La vie, c’est un peu l’équilibre. Un gourmand ne peut pas aimer tous les plats du monde. Il y a une question de goût. Il y a des saveurs qu’on aime et des saveurs qu’on n’aime pas. Est-ce que vous pensez qu’il existe quelqu’un dans le monde qui n’a pas de nourriture préférée, qui mange tous les plats ? Ce serait très rare. C’est de même en littérature. Il y a des goûts et des saveurs que j’aime. J’achète toujours Orhan Pamuk. C’est mon goût. J’ai aimé tous les poèmes d’Anna Akhmatova. Je ne peux pas vivre sans Pessoa.
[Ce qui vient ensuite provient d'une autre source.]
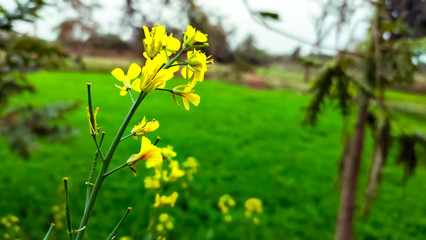snap of a beautiful yellow mustard flower in the field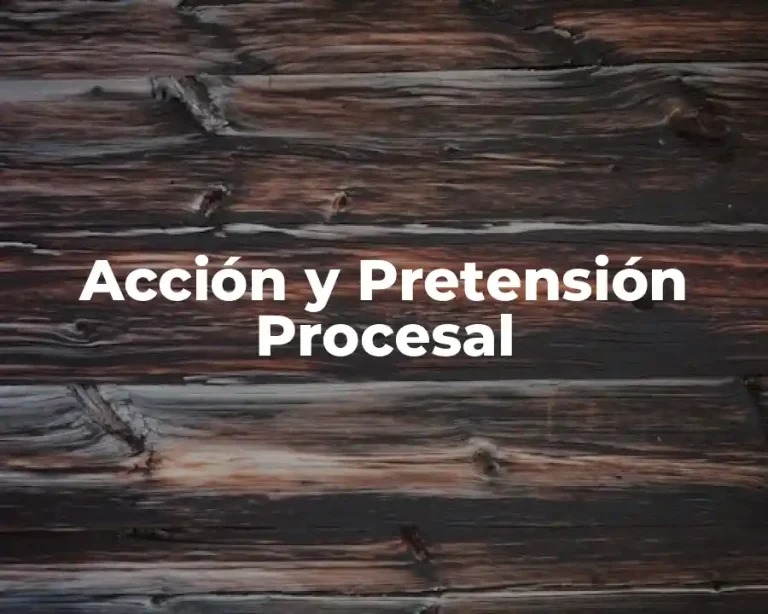 Acción y Pretensión Procesal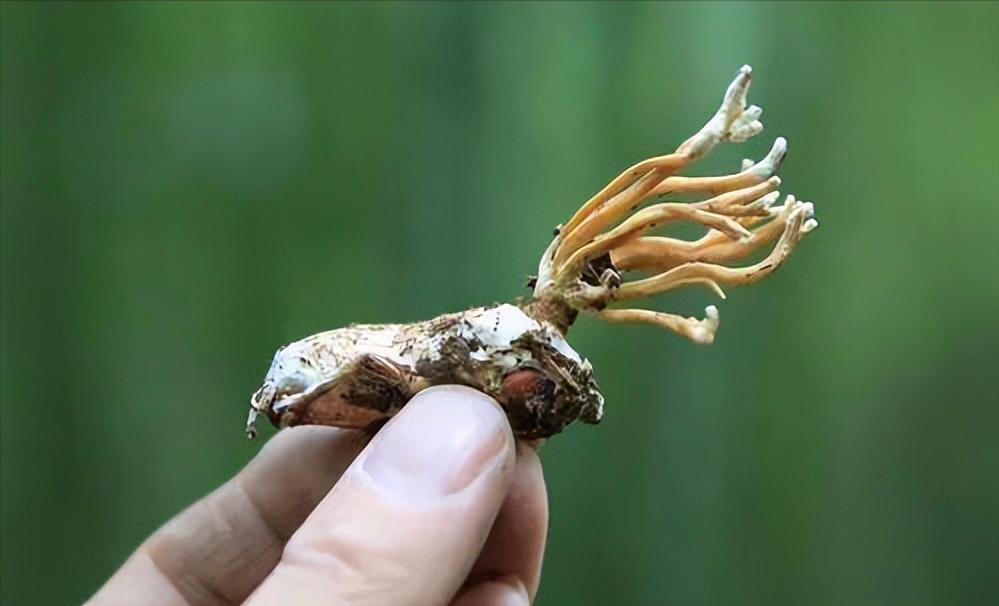 它叫蟬花卻不是花，功效很多，你認(rèn)識(shí)它嗎？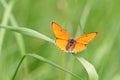 Large Copper Orange Butterfly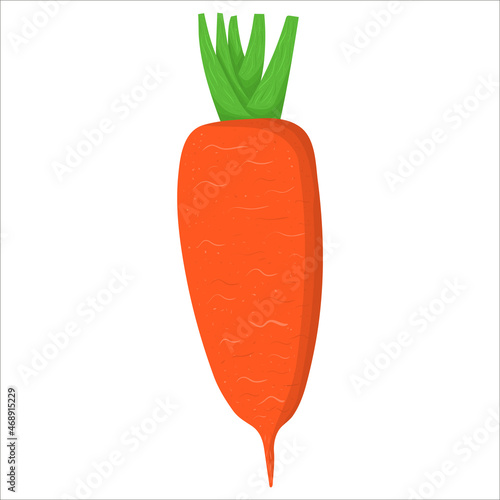 Cartoon illustration with colorful carrot root. Farm market product. Vector hand drawn graphic. Single isolated art.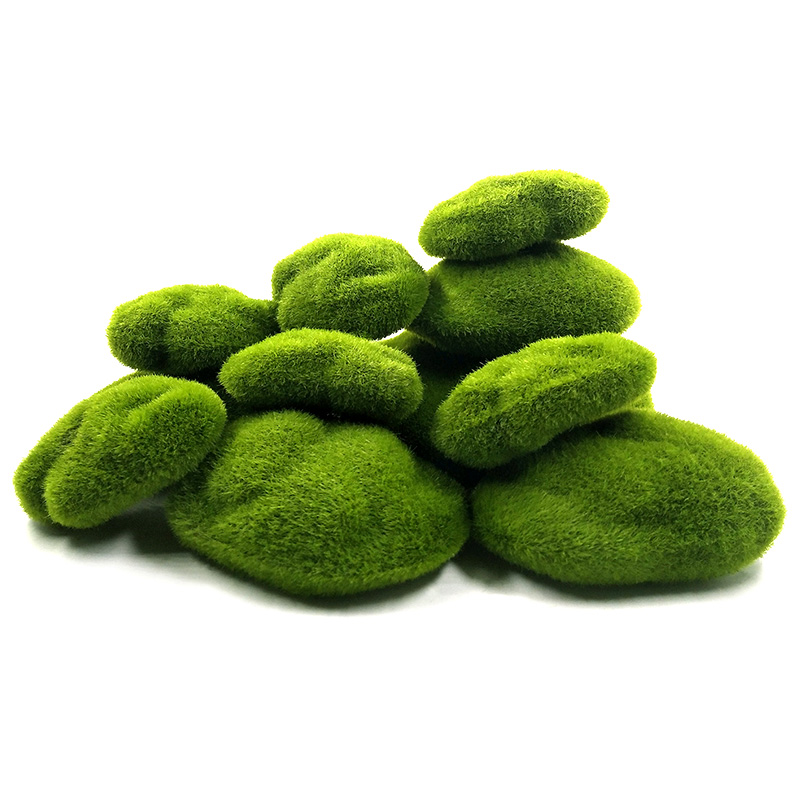 Plantas de musgo de espuma de  - Terrarium Moss Art reseña y precio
J’adore le génie de Flaubert.  Mario Vargas Llosa est un brillant conteur. Pourquoi vous citez tous les écrivains et les livres que vous aimez, mais pas ceux que vous n’aimez pas ? C’est un métier d’hypocrite, le métier de journaliste littéraire.

 

Toutes nos conversations tournent autour de la littérature. J’attaque encore. Quand on aime quelque chose, on en parle. Est-ce que vous parlez beaucoup des gens que vous n’aimez pas ? Tu parles des personnes que tu aimes. Les gens que tu viens de rencontrer qui sont charmants. Imagine si j'étais un lecteur qui parle seulement des livres qu’il n’aime pas. Je serai bizarre aux yeux du monde. Prétentieux. Konesè on dit en créole. J’aimerais bien rencontrer un lecteur comme ça. Qui parle seulement des livres qu’il n’aime pas. Ça serait funny. Peut-être que ce lecteur deviendrait plus influent qu’un lecteur qui parle des livres qu’il aime. Parce que ça piquerait la curiosité des autres. Parmi lesquels moi-même. Je cherche toujours pourquoi on n’aime pas un livre. Il y a toujours un pourquoi. Oui, finalement je vais penser davantage aux livres que je n’ai pas aimés. Un travail qui va sûrement m'apprendre d’autres choses de moi-même. Tu vois, on gagne toujours à parler de littérature.